I try to dispel any lingering feelings of apprehension and let my anxieties, fears and concerns fade away as the sheer excitement of finally welcoming you into the world and holding you in my arms overwhelms me.

My bag is now packed with all the necessary and personal items I may need for your special day, along with positive thoughts and qualities of courage, faith, patience and acceptance.

BENEFITS: These Pelvic Rotations can be used during early labor to help keep me active during the surges and encourage you to move down the birth canal, aiding an easier delivery. I can rest in Child's Pose in between surges, offering me respite and an opportunity to gather strength and resilience ready for the rising of the next surge.

CAUTIONS: If I have pelvic girdle discomfort or I find this posture uncomfortable I will come on to all fours into a tabletop position and use a birthing ball or the seat of a chair to rest my arms and head on.

MODIFICATIONS: I can practise this pose leaning on a bed, seat of a chair, wall or birthing ball.


As I arrange all the things we may need for your arrival, I begin to see my world from a different perspective, how my life is shifting and changing course as I become your mother.

Asana for the Week

Tabletop Pelvic Rotations

For this pose I will need a yoga mat.

This pose is suitable for all stages of my pregnancy.

I come on to all fours into a tabletop position, with my knees slightly wider than my hips (a). Slowly I begin to make small circular movements with my hips, rotating them in a clockwise direction (b). Intuitively I bring my weight forward and back, gradually increasing the size of the circles.

I let my body lead me.

I imagine the rising of a surge ascending through my body.

I notice how my circles become bigger, opening my hips and creating space for you to descend down the birth canal.

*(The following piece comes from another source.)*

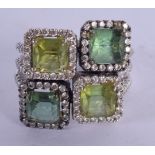 AN 18CT WHITE GOLD PERIDOT AND DIAMOND RING. N/O. 13 grams.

As I spiral my hips I visualize you spiraling your body as you pass through my pelvis.

Mindfully I repeat this week's affirmation:

Giving birth is a natural process and my body is perfectly designed to do it.

As the surge subsides I rest in Child's Pose (c). Resting in this pose gives me time to recover my energy and gather my strength for the next surge.

Here it comes. I feel it rising, engulfing my body, as you continue to make your way through my body. I rise, return to tabletop position and circulate my hips in an anticlockwise direction.

I repeat the above sequence, incorporating first the sound “ooo” as I exhale through my mouth and then the sound “aaahhh.”





By combining sound with movement andpractising using my breath to release tension and ease discomfort, I have learnt some valuable techniques to help me in the early stages of labor and during the transitions.